Russia’s war in Ukraine has ”also plunged us in Germany into another time, into an insecurity we thought we had overcome: a time marked by war, violence and flight, by concerns about the expansion of war into a wildfire in Europe,” Steinmeier said in a rare, nationally televised speech.
“Harder years, rough years are coming,” Steinmeier warned.
“When we look at the Russia of today, there is no room for old dreams,” Steinmeier said, referring to former Soviet president Mikhail Gorbachev’s vision of a “common European home.”
Steinmeier, who is from a wing of Germany’s Social Democrats that long argued for closer economic ties to Moscow, said Russia’s invasion of Ukraine had caused an ”epochal break” in Germany’s ties with Moscow.
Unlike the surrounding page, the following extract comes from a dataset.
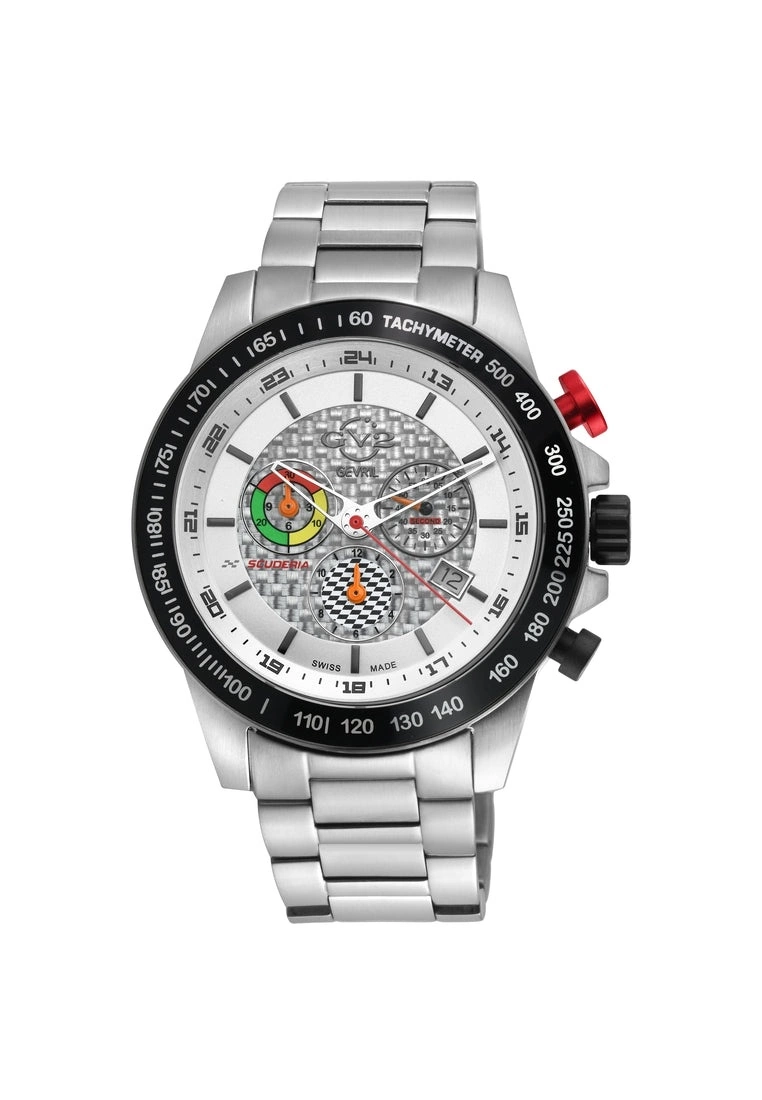 Gevril GV2 Men's Scuderia White Dial Chronograph Date Watch 1 Gevril GV2 Men's Scuderia White Dial Chronograph Date Watch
Steinmeier, whose role as head of the German state is largely ceremonial, said in his address to the nation that Russian President Vladimir Putin was personally responsible for the turmoil in Europe.
”In his imperial obsession, the Russian president has broken international law,” he said.
Steinmeier made a surprise visit to Kyiv on Tuesday, where he promised Germany’s ongoing support to Ukraine, particularly in the field of air defense. It was Steinmeier’s first wartime visit to Ukraine after two failed attempts in April, when he was uninvited due to his links with Russia, and last week when his visit was canceled for security reasons.